Page MenuHomePhabricator

Add support for other common archiving services
Closed, ResolvedPublic

Description

archive.org isn't the only archive out there being used, though it is the most commonly used one.

While Cyberbot doesn't necessarily need to be querying these services for archives, it should at least be able to acknowledge sites such as archive.is, webcite, memento, etc....

Event Timeline

I have developed a function that can now resolve webcite URLs. It's slow unfortunately, because WebCite is agonizingly slow. But it does bring the bot one step closer to recognizing and handling other archives.

So far haven't been able to figure out how to resolve archive.is links.

If anyone knows of the API that may exist there, please let me know.

WebCite is broken now. :/

@Green_Cardamom This is why WayBack is most dominantly used. :p

Since the formatting of the errors it's spitting out is consistent, and seems to be related I just used regex to filter it out. Leaving the functional XML intact.

Recommend Memento's API for resolving links to Webcite, archive.is and others.

Wayback is a big crawler so has a huge database. Most of the rest are archive-on-demand, or not very big crawl. But Wayback has robots.txt so links disappear over time. One idea is automatically send any on-wiki archive.org links to Webcite or somewhere as backup in case of robots but need community discussion.

So far haven't been able to figure out how to resolve archive.is links.

If anyone knows of the API that may exist there, please let me know.

What is meant by "resolve" - given an existing archive.is link, determine the original link?

Probably unrelated.. webcite and archive.is support a long-form URL (which should be default IMO)

http://www.webcitation.org/query?url=http%3A%2F%2Fgoogle.com&date=2016-05-30
https://archive.is/20160527055310/https://www.google.com/

What is meant by "resolve" - given an existing archive.is link, determine the original link?

Probably unrelated.. webcite and archive.is support a long-form URL (which should be default IMO)

http://www.webcitation.org/query?url=http%3A%2F%2Fgoogle.com&date=2016-05-30
https://archive.is/20160527055310/https://www.google.com/

Exactly. It's supposed to better the ability fix archive URLs that are present in the URL parameter. As an added bonus, for WebCite, it universalizes the URL format, and converts to shorthand, as they look nicer.

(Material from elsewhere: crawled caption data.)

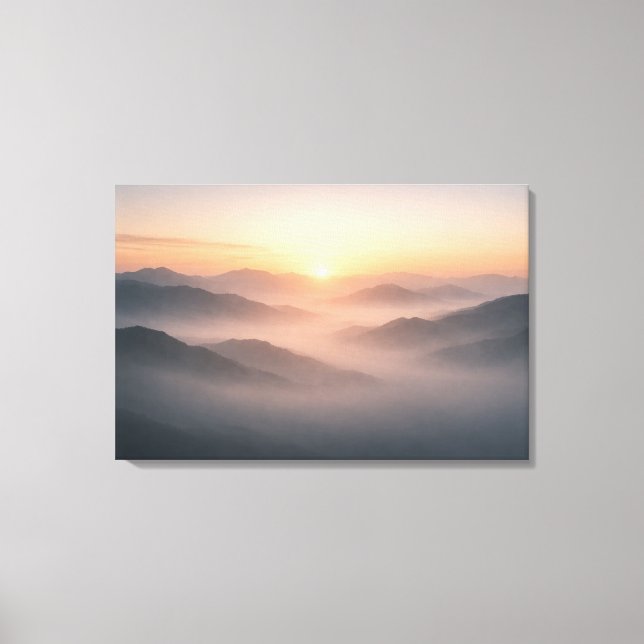 Toile Misty Mountain Sunrise Landscape Canvas Print (Recto)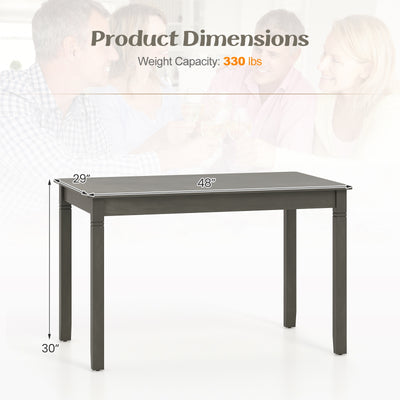 48-Inch Wooden Dining Table for 4 People Rectangular Kitchen Table with Rubber Wood Legs-Gray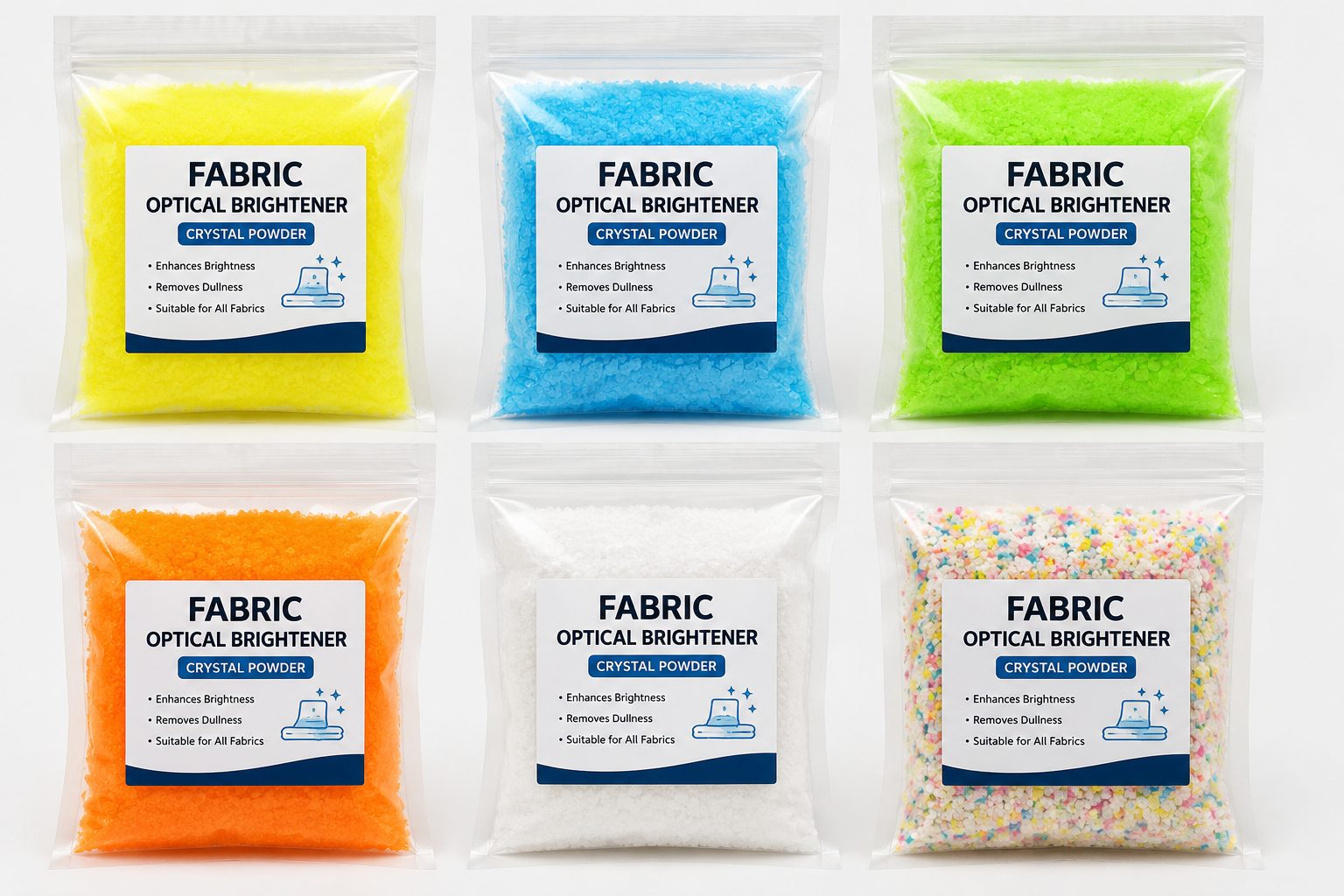 Fabric Optical Brightener Crystal Powder in six colours — yellow, blue, green, orange, white and multicolour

https://en.wikipedia.org/wiki/Typhoon%20Bolaven%20(2012)?diff=prev&oldid=728319994 and https://en.wikipedia.org/wiki/Light%20Me%20Up%20Tour?diff=prev&oldid=728409601 are really good examples.

I have figured out how to resolve the archive.is without the need for an AP there, but it is yet to be implemented and tested. I will get to that later today.

Looks good.

Re: plain language URL vs. URL shortened. The former is probably preferred if given the option:

https://en.wikipedia.org/wiki/Wikipedia:Using_archive.is#Use_within_Wikipedia
https://en.wikipedia.org/wiki/Wikipedia:Using_WebCite#Use_within_Wikipedia

The first says the long format is preferred, the second says either is OK :)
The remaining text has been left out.